楽天モバイルは大都市圏や副回線なら使える!エリア拡大で不満なし!

楽天モバイルアンテナピクト

この記事では2020年4月に"第4のキャリア"となった楽天モバイルを2年以上使ってわかったことをデメリットや注意点をふまえて説明します。

楽天モバイルが本当に使えるのか?という疑問を持つ方は多いと思います。評判は様々ですが、結論から言うと"大都市エリアでの使用や副回線としての使用ならほぼ問題なし"です。人口カバー率は97%を超えています。

理由は次の通りです。

東京都23区内や大阪市内などの大都市エリアでは、おおむね良好な通信ができます。ただし、建物内では通信状態が悪くなる場面がありますが、最近(2021年〜2022年)は通信ができなかったということはありません。

大阪東京間の移動や地方都市への旅行でも圏外になることはほとんどありません。

楽天モバイルは回線を別途用意しておき、副回線として使用する方法がおすすめです

その方法として、デュアルSIM対応機種(例:物理的SIM+eSIM可)を用意し、1台の端末で2回線を利用します。1枚のSIMを通話用、もう1枚をデータ通信用にします。少々面倒ですが、こうすれば必要に応じて手動で切り替えることができますので、いざという時に困らなくてすみます。

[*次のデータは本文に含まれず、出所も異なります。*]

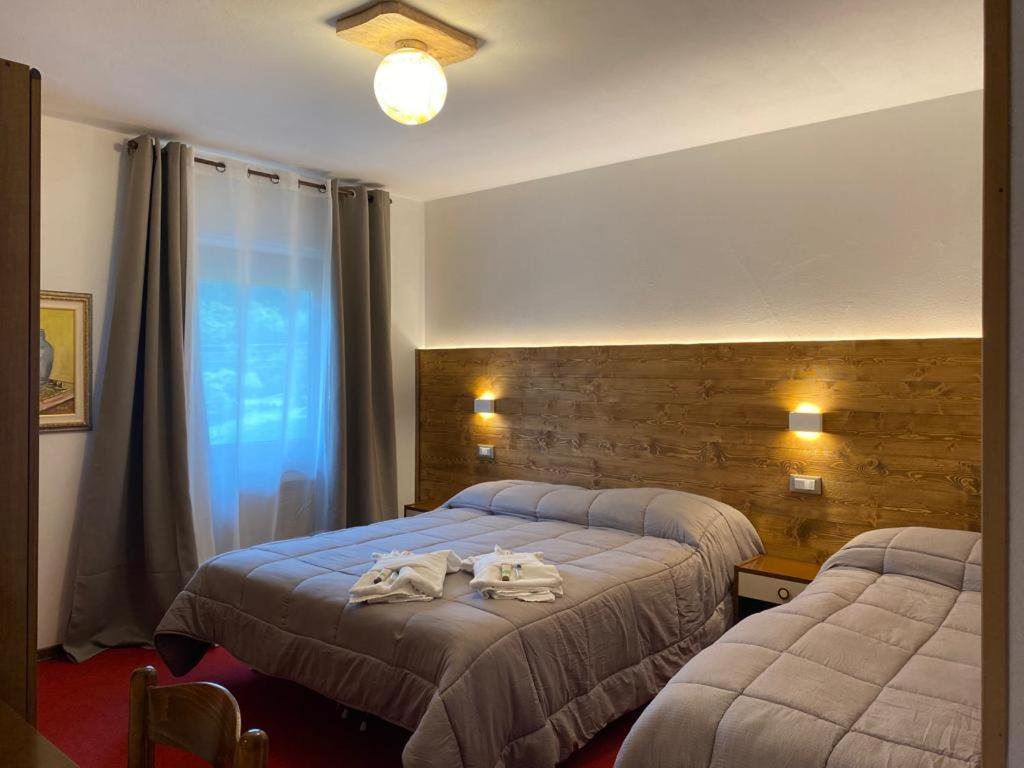 Albergo Quai Monno Exterior foto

デュアルSIM参考記事→おすすめデュアルSIM組合せ例紹介!メリット-デメリットも

主回線として使用に耐えない場合は再度他社に乗り換えるという方法もあります。

楽天モバイルの新料金プラン"Rakuten UN-LIMIT Ⅶ"が2022年7月から開始になりました。これは従量制の料金プランでデータ使用量に応じて料金が変動します。ワンプランなので料金プランを選ばなくていいのはとても便利です。

2022年7月以降は"Rakuten UN-LIMIT Ⅶ"となり"1GBまで0円"運用はできなくなりました。

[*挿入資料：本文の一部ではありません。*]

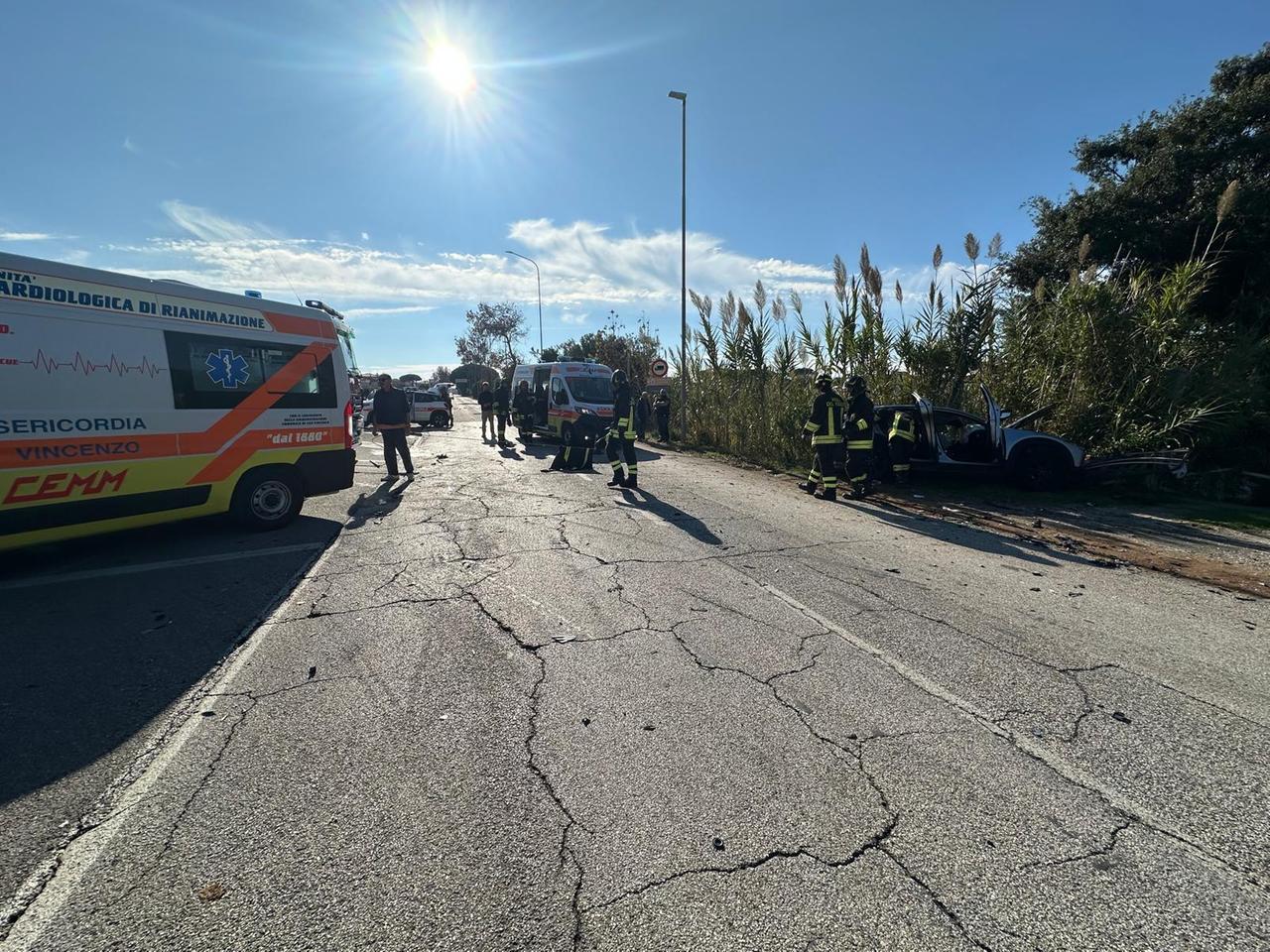 San Vincenzo, tre feriti nello scontro tra due auto: interviene Pegaso ...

現在は3GBまで1,078円、20GBまで2,178円、20GB以上3,278円という従量制の料金体系です。

画期的な料金プランの楽天モバイルですが、実際には"つながらない"などの声が聞かれます。基地局整備は随分進みましたが、つながりやすい"プラチナバンド"が割り当てられていないことが影響しています

この記事では"楽天モバイルについて理解しておくべきこと"について解説します。

記事の後半では筆者の利用体験も掲載しています。

MacBookProとiPhoneのイメージ画像

楽天モバイルの料金

楽天モバイルの料金はワンプランで従量制です。選ぶ必要がありません。

2022年7月1日以降の料金体系(既存ユーザーは自動で新プランに移行)

データ量/月 3GBまで 20GBまで 20GB以上
料金 1,078円 2,178円 3,278円

どんなに使っても最大で3,278円です。しかも使ったデータ量に応じて月額料金が変わります。料金プランを考える必要がなく、シンプルなのはいいですよね。

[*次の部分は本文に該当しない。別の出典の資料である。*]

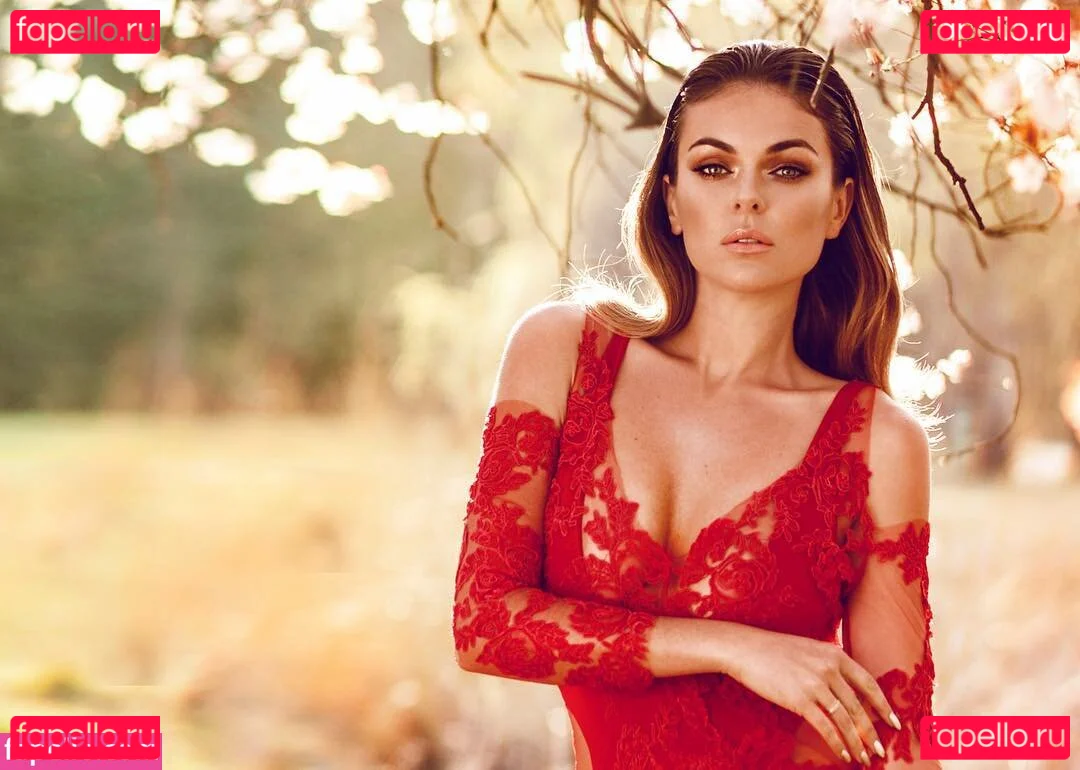 Serinda Swan Onlyfans Photo Gallery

3GBまでの料金は他社と比べると割高ですが、中容量以上のユーザーなら問題ありません。

楽天モバイルの特徴

データセンターのイメージ画像

・データ通信量の制限がない

とにかく使い放題が強みです。1日あたり10GBの制限があると言われていましたが、未確認ながら現在は制限が解除されている可能性があります。理論上は速度制限なく使えます。

速度制限されていた時においても、筆者の実測では2Mbpsから3Mbps弱の速度が出ていました。また、午前0時を過ぎると制限解除されるので月末まで困ることもありません。3Mbpsの通信速度があればWEBの閲覧やYouTubeなどの動画視聴の利用では支障がありません。

東京で単身赴任をしていた2021年3月までは固定回線の代用としても十分に利用できました。当時の通信速度はおおむね10Mbps〜40Mbps(楽天回線時)を維持していました。

※通信速度の説明についてはこちらの記事をご覧ください。→格安SIM  最新の通信速度情報(4社比較)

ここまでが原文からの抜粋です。